Hence, LCM of 120 and 160 is 480.

Steps to find LCM of 120 and 160 by Common Division Method

Example: Find lcm of 120 and 160 by Common Division Method

2 120 160
2 60 80
2 30 40
2 15 20
2 15 10
3 15 5
5 5 5
1 1

Hence, LCM of 120 and 160 is 2 x 2 x 2 x 2 x 2 x 3 x 5 = 480.

Steps to find lcm of 120 and 160 by Formula

Example: Find lcm of 120 and 160 by Formula

  • GCF of 120 and 160 = 40
  • LCM of 120 and 160 = (120 x 160) / 40
  • => 19200 / 40

Hence, LCM of 120 and 160 is 480.

Examples

Franky and Joy are running on a circular track. They start at the same time. They take 120 and 160 minutes respectively to go round once. Find at what time they will run together?

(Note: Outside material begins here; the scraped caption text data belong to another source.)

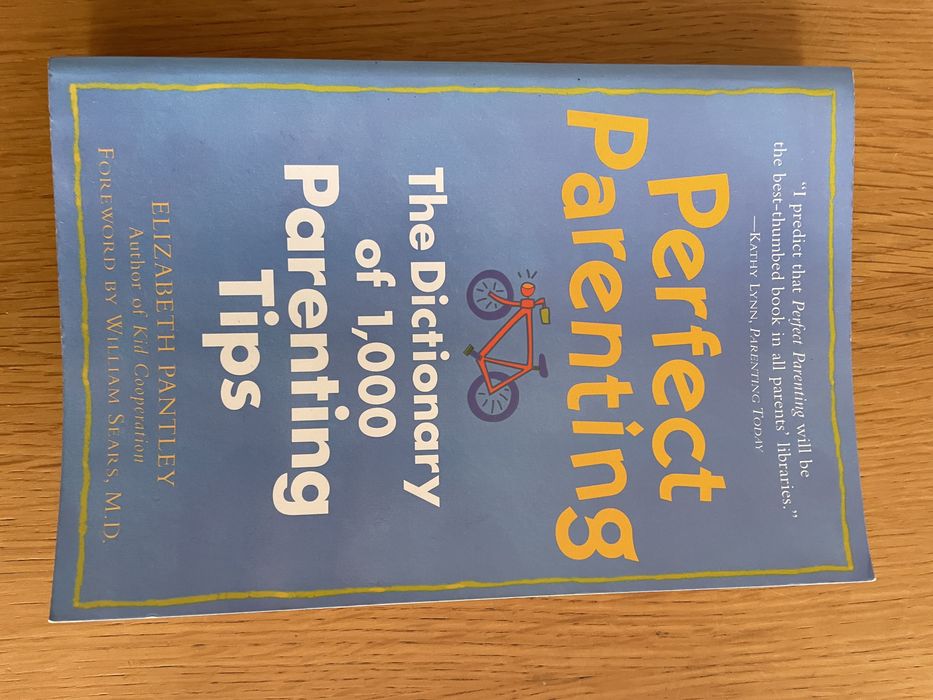 Livro “Perfect parenting - the dictionary of 1000 parenting tips”
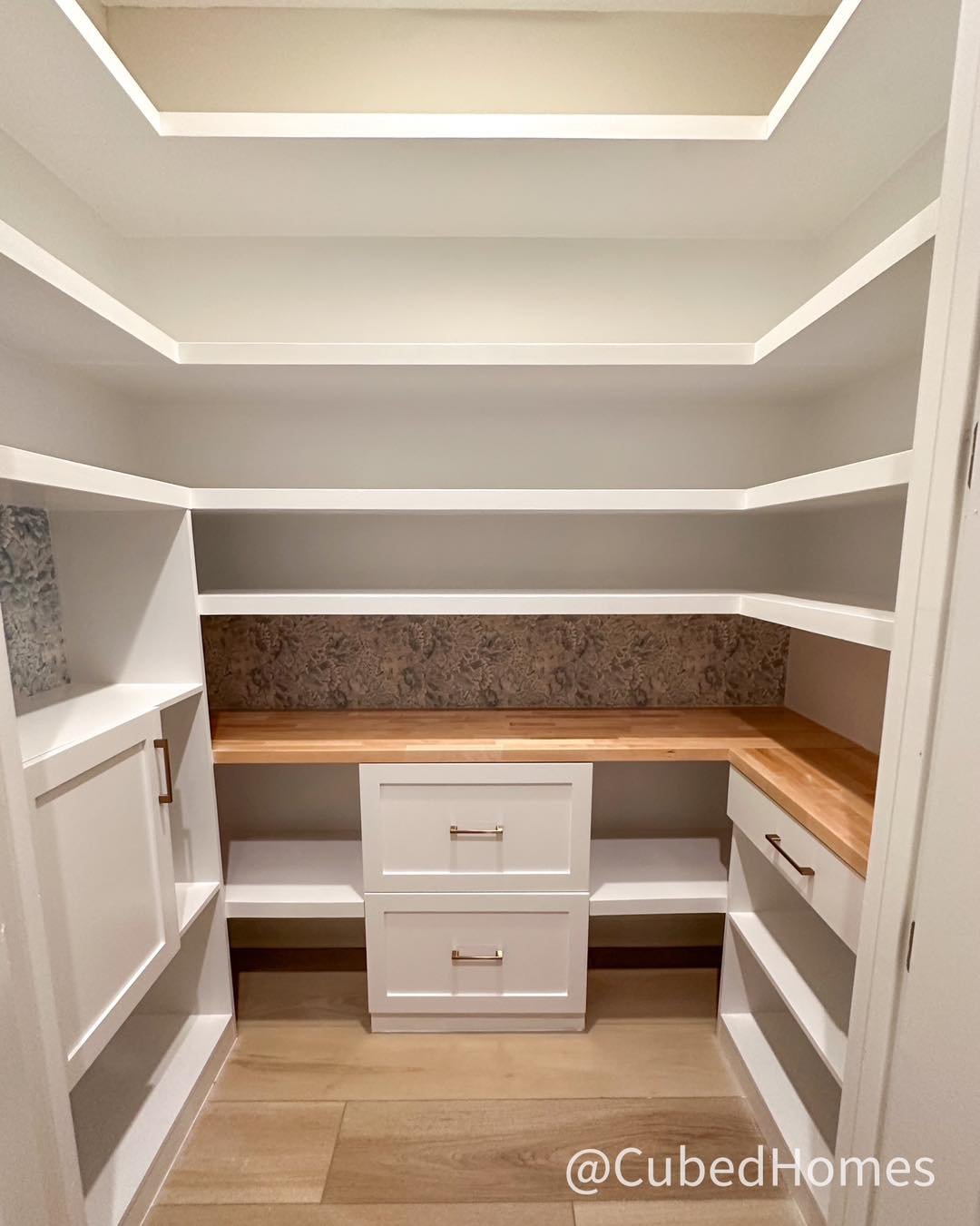 Pantry Goals 🤩

#pantryorganization #cubedhomes #pantrygoals #nocatee #pantrymakeover #pantry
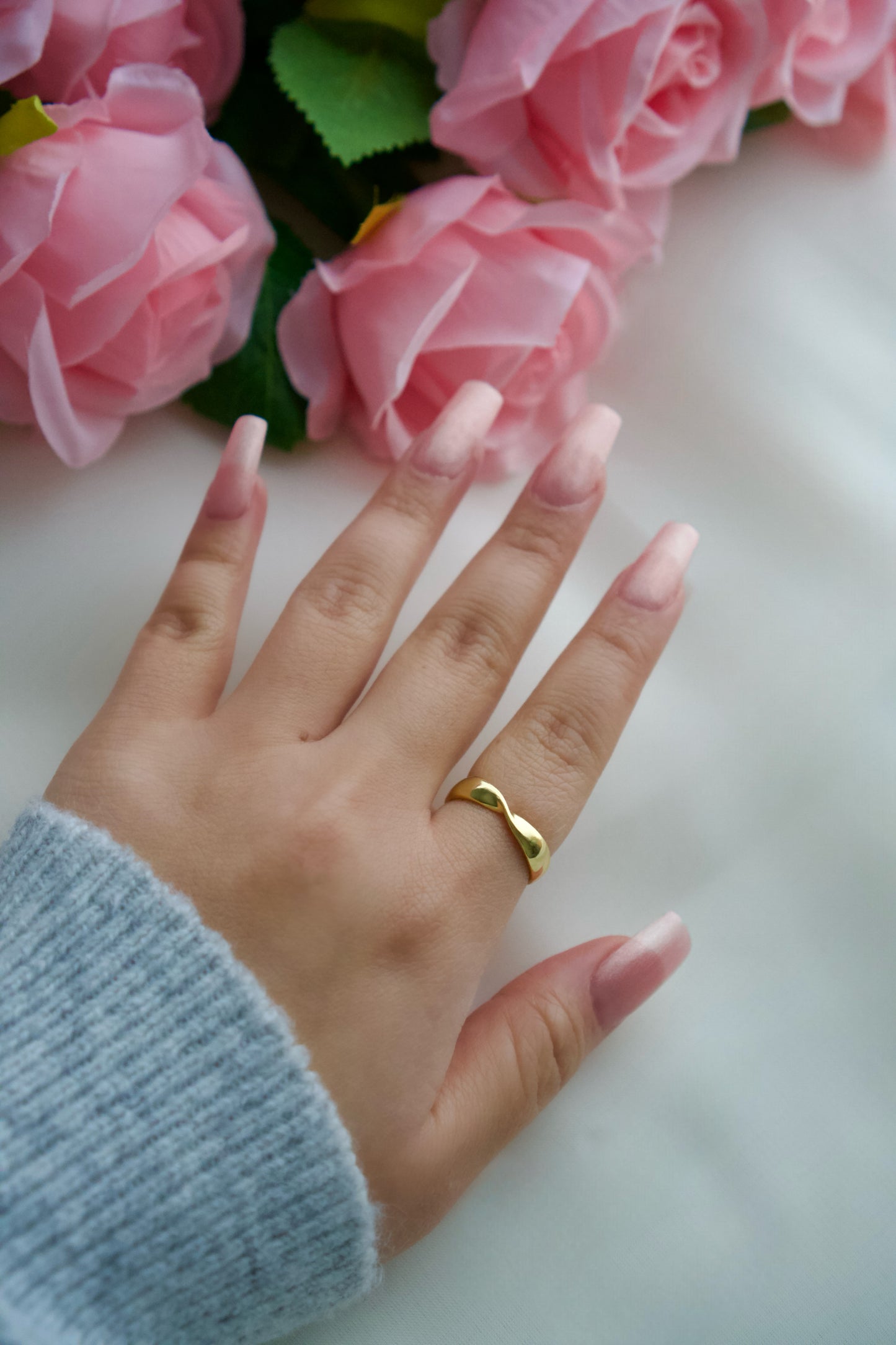 Golden Twist Band Ring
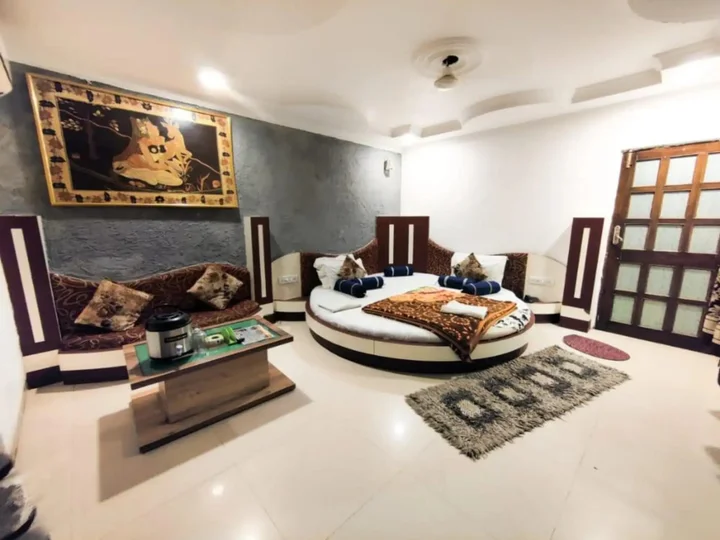 Пачмарай: Hotel Prateek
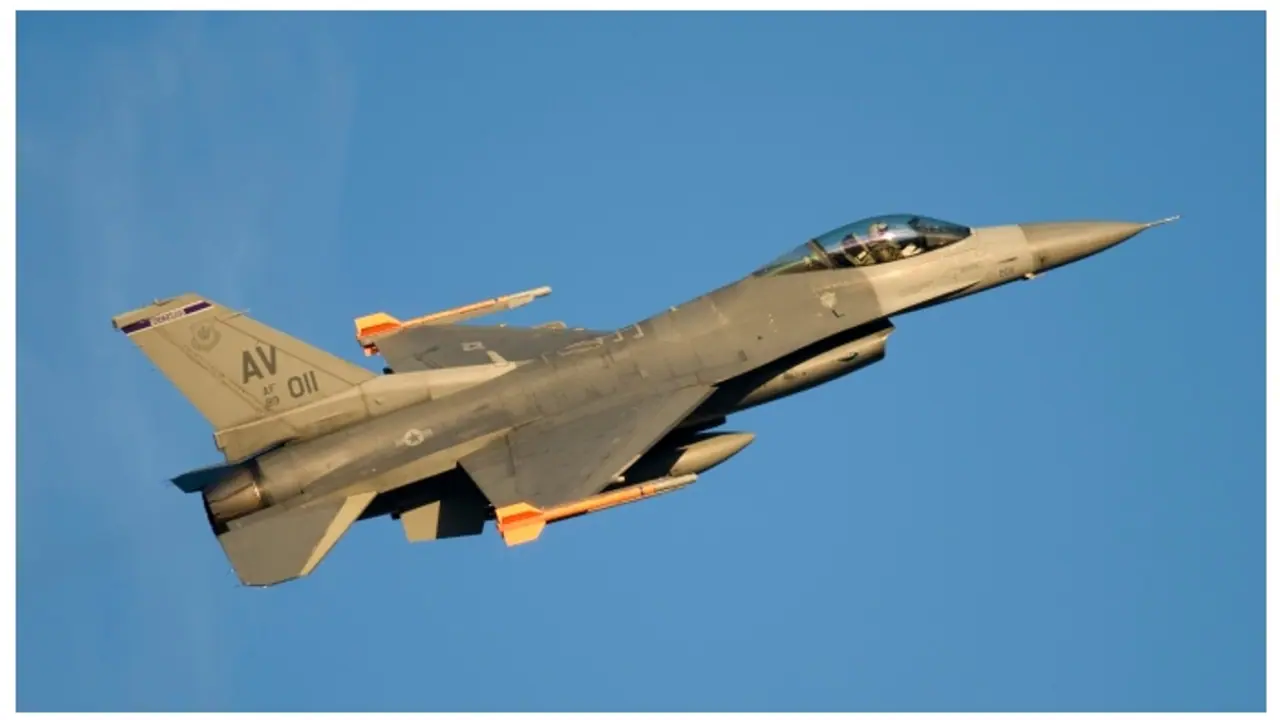 F 16 fighter jet F 16 fighter jet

Franky and Joy are running on a circular track. They take 120 and 160 minutes respectively to go round once. We need to find out at what time (minimum) they will run together again. For this we need to find the LCM of 120 and 160.
So, LCM of 120 and 160 is 480.

A shopkeeper sells candies in packet of 120 and chocolates in packet of 160. What is the least number of candies and chocolates Annie should buy so that there will be one candy for each chocolate?

The least number of candies and chocolates Annie should buy so that there will be one candy for each chocolate we need to find the lcm of 120 and 160.
So, LCM of 120 and 160 is 480.

Both the cricket team and the rugby team had games, today. The cricket team plays every 120 days and the basketball team plays every 160 days. When will both teams have games on the same day again?

Given that the cricket team plays every 120 days and the basketball team plays every 160 days, so for finding the next time when both teams will play again we need to find the LCM of 120 and 160.
So, LCM of 120 and 160 is 480.

Sammy's company prints 120 textbooks at a time. Daniel's company prints textbooks in sets of 160 at a time. According to a survey done by a committee, both companies printed the same number of textbooks last year. Find the least number of books that each company would have printed.

To find the least number of textbooks that each company could have printed we need to find the LCM of 120 and 160.
So, LCM of 120 and 160 is 480.

Ariel exercises every 120 days and Rubel every 160 days. They both excercised today. How many days will it be until they excercise together again?

The problem can be solved using LCM, because we are trying to figure out the least time until they excercise together again.
So, LCM of 120 and 160 is 480.

What is the relation between LCM and GCF( Greatest Common Factor)?

Greatest common factors or gcf of 120 and 160 is GCF(120, 160) * LCM(120, 160) = (120 x 160) / GCF(120, 160) = 480.

Find the least number which is exactly divisible by 120 and 160.

Least number which is exactly divisible by 120 and 160 is 480.